Task instructions: In the records below, find the line containing "22oz Martillo Geológico (cabeza Pesa 623gr)", then print it and every following line exactly, through the last, without pictures.

Task data:
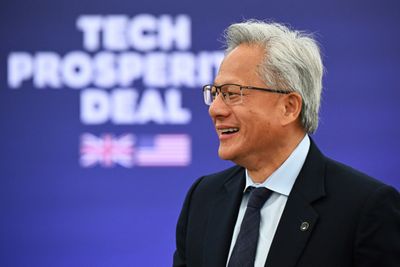 Jensen Huang Says Markets Miscalculated AI Threat to Software Firms After Nvidia Posts Q4 Beat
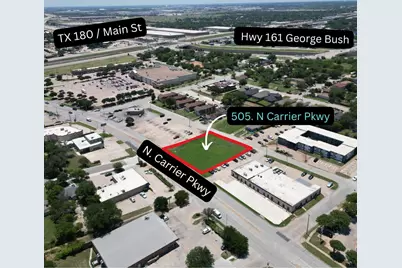 505 N Carrier Parkway, Grand Prairie, TX 75050 - Photo 3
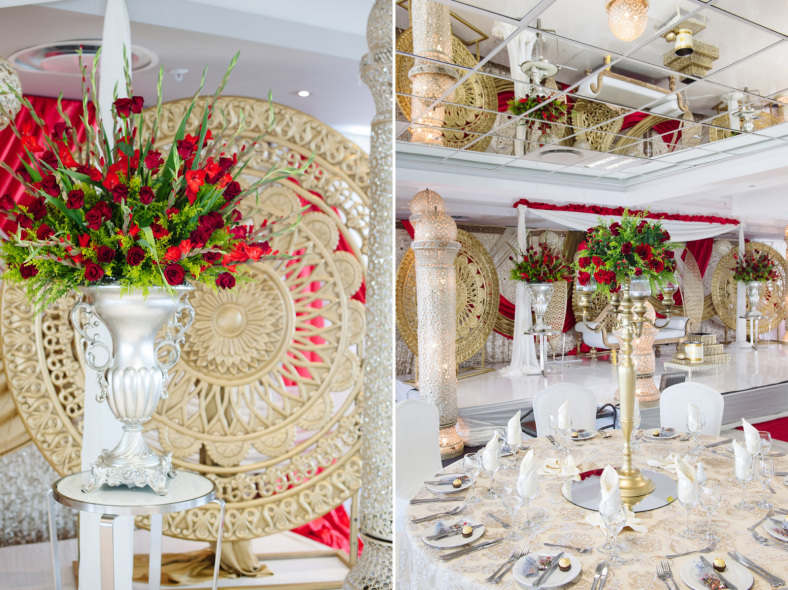 Hindu Wedding Ceremony Decor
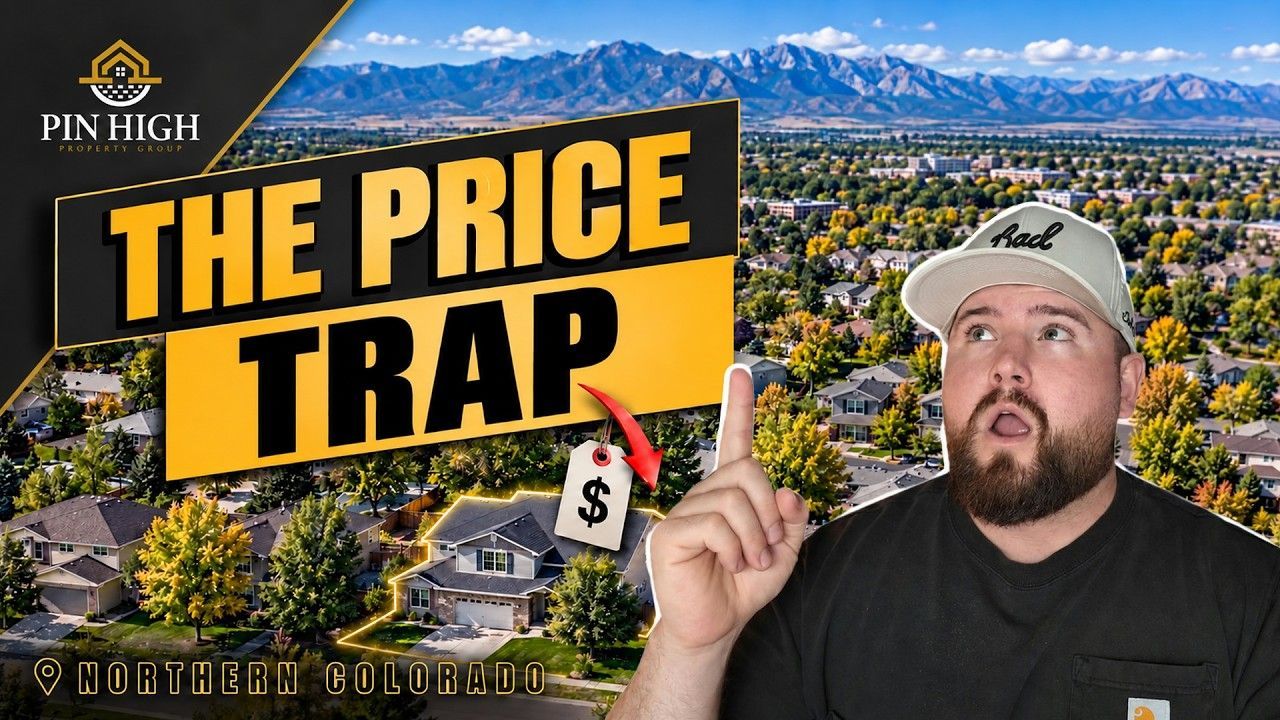 The New Construction Price Trap Buyers Need to Know in Northern Colorado — video still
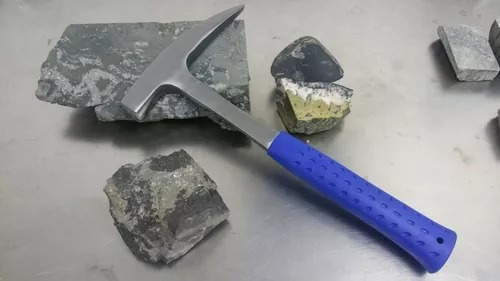 22oz Martillo Geológico (cabeza Pesa 623gr)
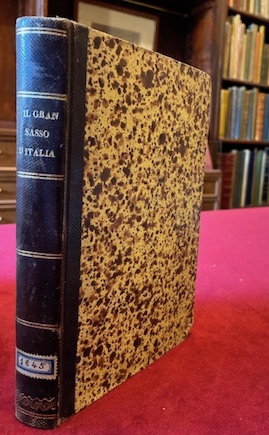 Il Gran Sasso d’Italia. Opera periodica di scienze naturali ed …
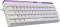 Миниатюра Ajazz NK68 Red Switch USB UA White NK68-R-W, фото 3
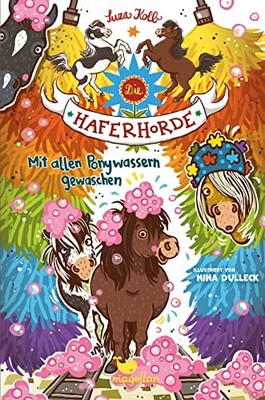 Suza Kolb Nina  Die Haferhorde - Mit allen Ponywassern ge (Hardback) (UK IMPORT)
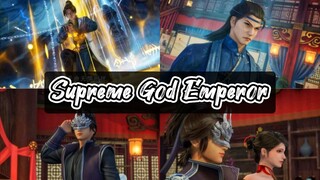 Supreme God Emperor Eps 331 Sub Indo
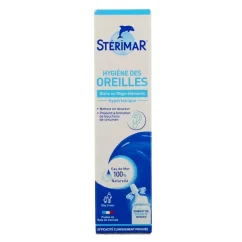 Sterimar ušní hygiena 50ml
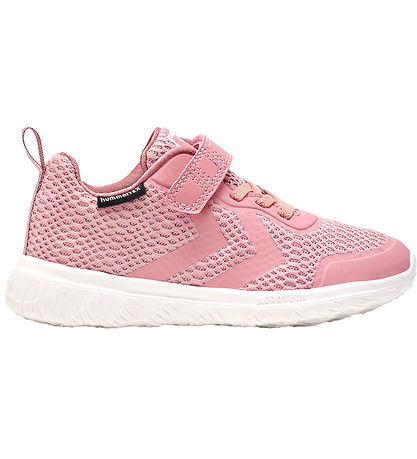 Hummel Schuhe - Actus Tex Recycled Jr - Pink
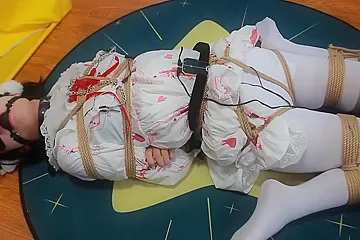 Chinese Bondage Part - porn video
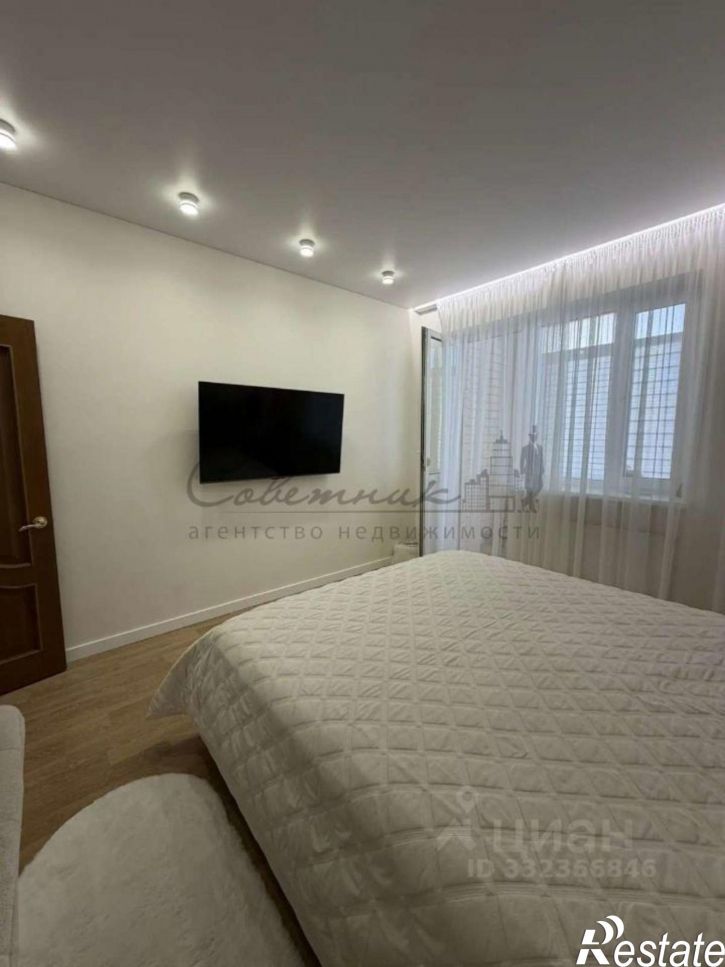 3-комн квартира Степной мкр, 25,  д. 25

Exercise solution:
 22oz Martillo Geológico (cabeza Pesa 623gr)
 Il Gran Sasso d’Italia. Opera periodica di scienze naturali ed …
 Миниатюра Ajazz NK68 Red Switch USB UA White NK68-R-W, фото 3
 Suza Kolb Nina  Die Haferhorde - Mit allen Ponywassern ge (Hardback) (UK IMPORT)
 Supreme God Emperor Eps 331 Sub Indo
 Sterimar ušní hygiena 50ml
 Hummel Schuhe - Actus Tex Recycled Jr - Pink
 Chinese Bondage Part - porn video
 3-комн квартира Степной мкр, 25,  д. 25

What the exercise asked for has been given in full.